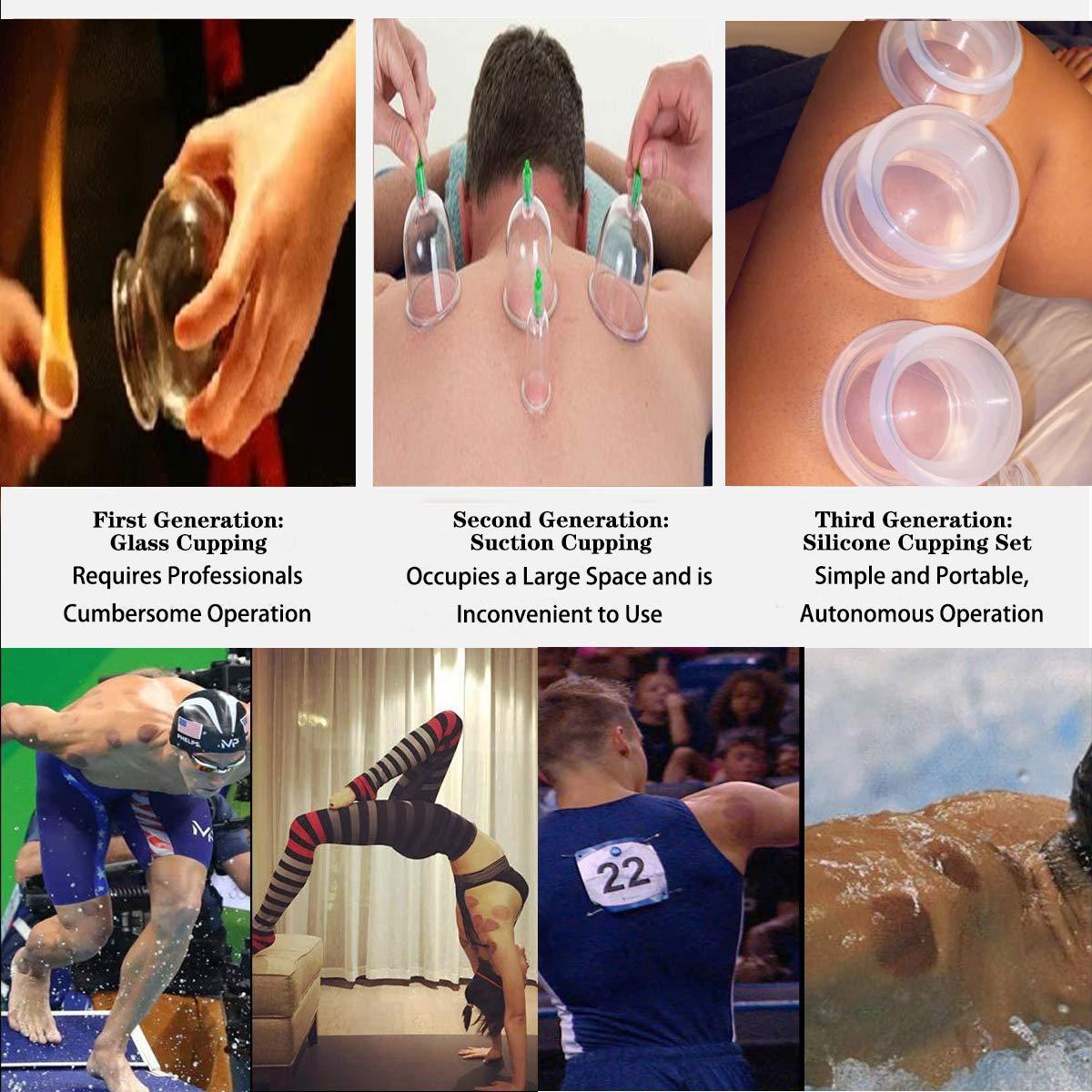 CFHBF CFHBF 4 Size Cupping Therapy Sets Silicone - Cupping Therapy Professional Studio And Home Use Cupping Set,Stronger Suction Best For Myofascial Massage,Anti Cellulite,Muscle,Nerve,Joint Pain Relief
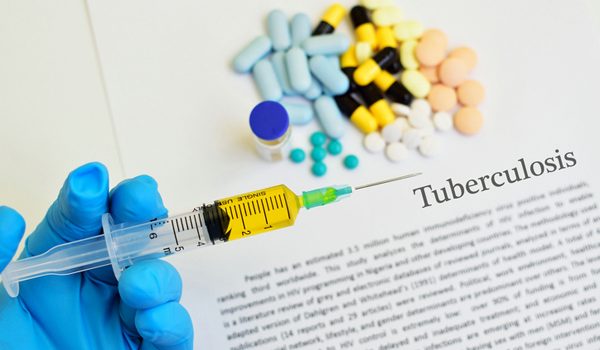 Tubercolosi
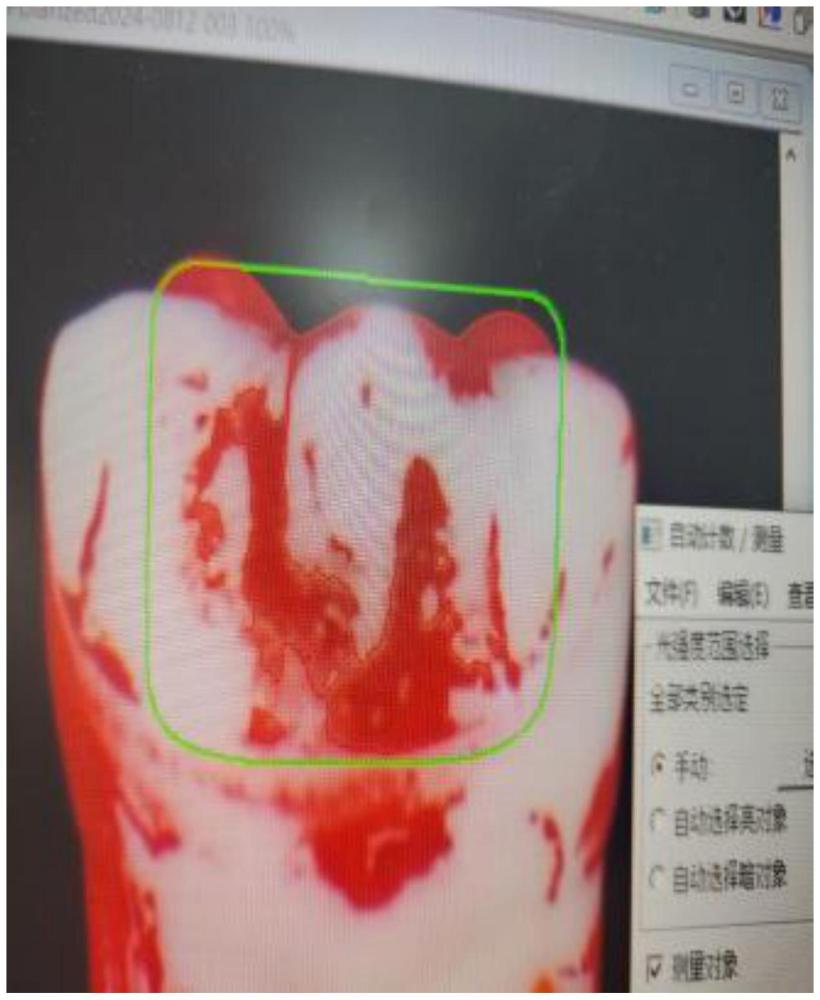 一种基于VISIA技术模拟测试刷牙去牙菌斑效果的方法与流程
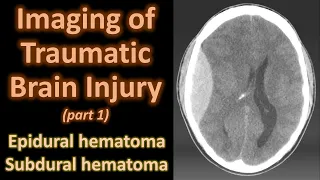 Imaging of Traumatic Brain Injury : Epidural and subdural hematoma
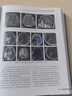 ESNR臨床神經(jīng)放射學(xué) 上下卷 張龍江 劉亞歐 腦血管疾病創(chuàng)傷炎癥癲癇腫瘤學(xué)神經(jīng)系統(tǒng)疾病影像學(xué)書籍病例神經(jīng)外科學(xué)內(nèi)科學(xué)放射科書籍 曬單實拍圖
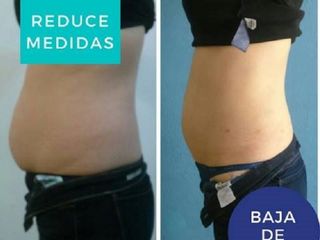 Antes y después de control de peso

===

WORK TO COMPLETE: Word for word, restate the lines from the one containing "Tubercolosi" through the end of the listing, and nothing more. Skip the pictures.

SOLVED PROBLEM:
 Tubercolosi
 一种基于VISIA技术模拟测试刷牙去牙菌斑效果的方法与流程
 Imaging of Traumatic Brain Injury : Epidural and subdural hematoma
 ESNR臨床神經(jīng)放射學(xué) 上下卷 張龍江 劉亞歐 腦血管疾病創(chuàng)傷炎癥癲癇腫瘤學(xué)神經(jīng)系統(tǒng)疾病影像學(xué)書籍病例神經(jīng)外科學(xué)內(nèi)科學(xué)放射科書籍 曬單實拍圖
 Antes y después de control de peso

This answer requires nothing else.